JGroups levert een InputStream naar de coördinator om de staat naar te schrijven, en een OutputStream zodat het nieuwe knooppunt kan worden gelezen. De API biedt gemaksklassen voor het serialiseren en deserialiseren van de gegevens.

Merk op dat bij productiecode toegang tot statusinformatie thread-safe moet zijn.

Ten slotte voegen we de oproep toe aan getState () naar onze startup, nadat we verbinding hebben gemaakt met het cluster:

channel.connect (clusterName); channel.getState (null, 0); 

getState () accepteert een bestemming waarvan de staat moet worden opgevraagd en een time-out in milliseconden. EEN nul bestemming geeft de coördinator aan en 0 betekent geen time-out.

Wanneer we deze app uitvoeren met een paar knooppunten en uitzendberichten uitwisselen, zien we het aantal berichten toenemen.
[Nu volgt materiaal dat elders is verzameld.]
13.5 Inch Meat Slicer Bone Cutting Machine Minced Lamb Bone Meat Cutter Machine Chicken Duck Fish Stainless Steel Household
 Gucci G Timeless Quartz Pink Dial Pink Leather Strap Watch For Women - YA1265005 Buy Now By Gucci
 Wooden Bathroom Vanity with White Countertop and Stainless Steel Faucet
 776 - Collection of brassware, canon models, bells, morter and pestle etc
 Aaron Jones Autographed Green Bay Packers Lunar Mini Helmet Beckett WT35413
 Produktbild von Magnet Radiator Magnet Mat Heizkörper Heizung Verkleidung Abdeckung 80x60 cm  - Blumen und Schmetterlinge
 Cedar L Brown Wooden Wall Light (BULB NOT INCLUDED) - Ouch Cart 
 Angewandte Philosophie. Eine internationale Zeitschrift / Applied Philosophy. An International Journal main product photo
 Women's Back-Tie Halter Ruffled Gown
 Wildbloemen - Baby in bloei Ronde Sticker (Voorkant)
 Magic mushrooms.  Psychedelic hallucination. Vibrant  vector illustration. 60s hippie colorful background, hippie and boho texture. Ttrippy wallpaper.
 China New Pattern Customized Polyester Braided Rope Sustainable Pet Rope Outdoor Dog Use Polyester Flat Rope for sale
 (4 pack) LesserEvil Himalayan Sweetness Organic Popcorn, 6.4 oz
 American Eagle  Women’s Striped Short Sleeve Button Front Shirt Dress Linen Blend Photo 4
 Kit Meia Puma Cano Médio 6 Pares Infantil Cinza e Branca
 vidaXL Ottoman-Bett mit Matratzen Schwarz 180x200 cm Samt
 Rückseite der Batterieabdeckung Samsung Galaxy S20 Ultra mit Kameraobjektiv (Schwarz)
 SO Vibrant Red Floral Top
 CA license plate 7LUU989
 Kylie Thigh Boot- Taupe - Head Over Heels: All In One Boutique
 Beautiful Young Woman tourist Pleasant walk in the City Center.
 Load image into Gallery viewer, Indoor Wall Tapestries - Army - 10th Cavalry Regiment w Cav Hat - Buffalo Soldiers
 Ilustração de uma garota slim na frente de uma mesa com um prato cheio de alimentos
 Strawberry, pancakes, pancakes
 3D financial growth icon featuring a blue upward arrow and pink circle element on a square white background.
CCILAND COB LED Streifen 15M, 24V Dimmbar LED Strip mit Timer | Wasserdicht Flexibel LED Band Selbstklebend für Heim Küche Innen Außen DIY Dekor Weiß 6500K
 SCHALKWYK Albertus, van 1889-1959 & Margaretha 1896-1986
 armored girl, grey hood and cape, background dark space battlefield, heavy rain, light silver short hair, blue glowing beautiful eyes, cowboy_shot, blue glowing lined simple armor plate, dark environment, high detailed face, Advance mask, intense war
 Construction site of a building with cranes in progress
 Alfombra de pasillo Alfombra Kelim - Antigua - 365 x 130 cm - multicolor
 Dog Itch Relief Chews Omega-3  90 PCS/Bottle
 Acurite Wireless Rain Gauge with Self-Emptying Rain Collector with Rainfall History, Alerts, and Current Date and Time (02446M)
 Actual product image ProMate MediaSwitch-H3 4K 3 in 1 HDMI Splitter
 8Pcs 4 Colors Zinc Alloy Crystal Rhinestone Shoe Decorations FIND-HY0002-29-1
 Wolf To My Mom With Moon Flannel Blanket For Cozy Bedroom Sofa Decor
Als we vervolgens een derde client toevoegen of een van hen stoppen en starten, zullen we zien dat het nieuw verbonden knooppunt het juiste aantal berichten afdrukt.

8. Conclusie

In deze tutorial hebben we JGroups gebruikt om een ​​applicatie te maken voor het uitwisselen van berichten. We hebben de API gebruikt om te controleren welke knooppunten zijn verbonden met en het cluster hebben verlaten en ook om de clusterstatus over te dragen naar een nieuw knooppunt wanneer het lid werd.

Codevoorbeelden zijn, zoals altijd, te vinden op GitHub.